The term is over, grades are in, I’ve done my holiday shopping. It’s time, I’m weighing in. I have to say something. How can I justify remaining mute? I’m a woman, a working woman, who has experienced her share of harassment and discrimination over the years, once quite recently, as you will read below. So I’m back at the computer trying to lace together coherent thoughts about the recent fraught weeks of sexual allegations, confessions and tumbling heads. What’s striking is how similar all the stories are, as though the words and sentences were churned out by a Hollywood script factory. What would Hawthorne (“The Scarlet Letter”) , Roth (”The Human Stain”) or Arthur Miller (“The Crucible”) have to say if they were still writing? That there is historical precedent, undoubtedly: the witch trials, the McCarthy era, America’s “persecuting spirit.” But these writers, much as I admire all of them as writers, they were all men. And this situation, this moment in our history, it’s similar, but also different. It arrives at the end of a dark year, a man in the White House who, himself, has been accused by no less than twenty women of sexual “misconduct.”

So let’s begin with this: every organization, corporation, and institution, including the United States Congress, needs a transparent and reliable mechanism to sift through allegations. Are they true or false? Is this a vengeful denouncement or real? Bill Cosby is not Charlie Rose. One will possibly go to jail for—allegedly—drugging women to have vampiric sex with them when they are out cold, the other will crawl under the couch and, sooner or later, figure out how to regain his amour propre, the French gender-neutral expression meaning self-respect.

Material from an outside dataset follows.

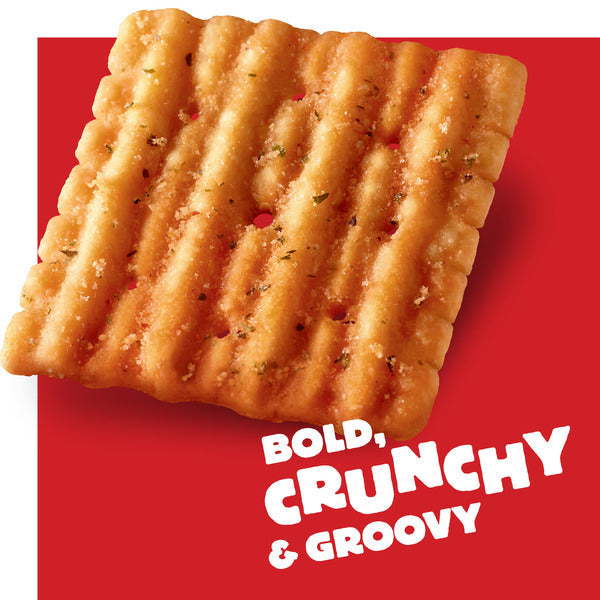 Cheez-It Grooves Bold Cheddar Cheese Crackers, Crunchy Snack Crackers, 9 oz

What about heartfelt mea culpas long after the fact? Do they make a difference, or not? Shall we consider them as we study what’s happened and mete out punishments? Shall we banish or forgive?

Obvious questions, perhaps.

Less obvious for me are these questions: Why are some powerful men still behaving so badly? Why don’t they know that what they are doing is not permitted even in law? Why are some women not accusing openly in situ, as it happens, or soon after? Why do some men fall and others amplify their power for years and years? Why has one become president of these United States? Why do some women succumb to intimidation and others speak out forcefully? What can all of us learn from this sordid episode in American history?

“Understanding is a two-way street,” said one of my feminist heroines, Eleanor Roosevelt. So let me try to understand the man who came into my classroom this past term to berate me in front of my students for writing on the screen instead of the whiteboard, and who thought he could get away with it when he said—in front of my students: “That was an $8,000 mistake.” He knew nothing about me except the monniker “professor,” and perhaps that was the problem, and our encounter was more about class and status than power and prowess, or perhaps it was both. When he left the room I called his supervisor, immediately. He came upstairs. He was alarmed. This man could lose his job if I formally charged him.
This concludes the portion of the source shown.